Missing a sock? Maybe the dog ate it

If you swear your dryer is eating your socks, have your dog X-rayed.

According to a pet insurer in the United States, socks top the 10 most common items surgically removed from pets. Dogs and cats also have a hankering for lingerie, with underwear and pantyhose ranking second and third respectively.

The insurer has a list of digested foreign objects for which pet owners have made medical claims.

It includes swallowed pagers, hearing aids, drywall, batteries, rubber bands, toy cars, hair ties and sand with bacon grease poured on it, according to Veterinary Pet Insurance.

The one thing not on the list: your kid's homework.

"I've seen rocks, stones, golf balls, Popsicle sticks," says Dr. Wayne Eldridge, a San Antonio, Tex., veterinarian who, for teaching purposes, keeps a small museum of items he's removed from animal intestines. "Leftover paper plates, wooden skewers."

Dogs have highly developed olfactory senses.
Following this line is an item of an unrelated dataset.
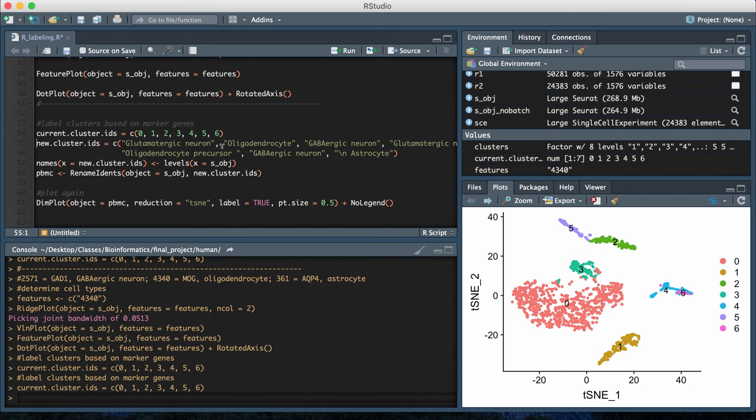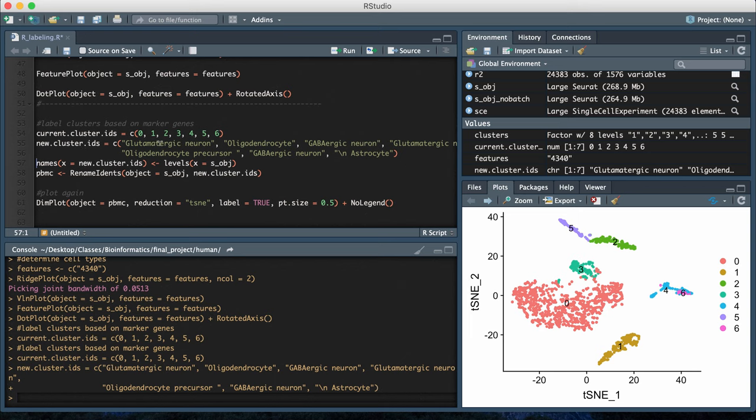The next vector that I have in the code is what I want my cell type labels to be for each cluster, and so this is going to be a vector that has the same size as the current cluster IDs.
They like things in their mouths that have a scent, and they gravitate toward items that smell like their owners, says Eldridge, a field representative for Veterinary Pet Insurance.

"Underclothing and socks are very likely to be tempting."

Ottawa vet Dr. Miki Shibata has removed tennis balls, golf balls, marbles, peach pits, chewy rope toys and pennies from pets' gastrointestinal tracts. Canadian pennies minted between 1997 and 2001, and U.S. pennies minted after 1982, both of which contain zinc, are particularly hazardous. If not treated, they can cause fatal hemolytic anemia, where red blood cells are broken down and destroyed.

Stones are among the most common items ingested by dogs. "I've seen dogs with stomachs so full of stones I've had to open then up and physically take them out, they're so loaded down," says Dr. Lynn Webster, chief veterinary officer with Pet Plan Insurance in Winnipeg.

Small items pass can pass through pets naturally, but larger items can get stuck in the stomach or intestinal tract causing an obstruction that can lead to pain, vomiting or internal damage requiring emergency surgery.

"Another thing we see is string gut," Shibata says. If a pet ingests a "linear foreign body" such as dental floss, string or Christmas tree tinsel, it can tighten like a purse string around the intestine and saw through it.

"It can be huge surgery from the standpoint, how much bowel is viable and how much can be removed," Webster says.

In some cases, removing a swallowed object can be as simple as "going down with an endoscope, getting hold of what's in the stomach and pulling it out through the mouth," Webster says.

Surgery can cost several thousand dollars, "depending on how big a mess you've got."

Bored or anxious pets, pets under two and Labrador retrievers, which are "very orally oriented because of their retrieving nature," Eldridge says, are among pets most likely to swallow items they shouldn't.

Signs that a pet may have swallowed something inedible and needs to see a vet include continual vomiting, dry heaving or coughing.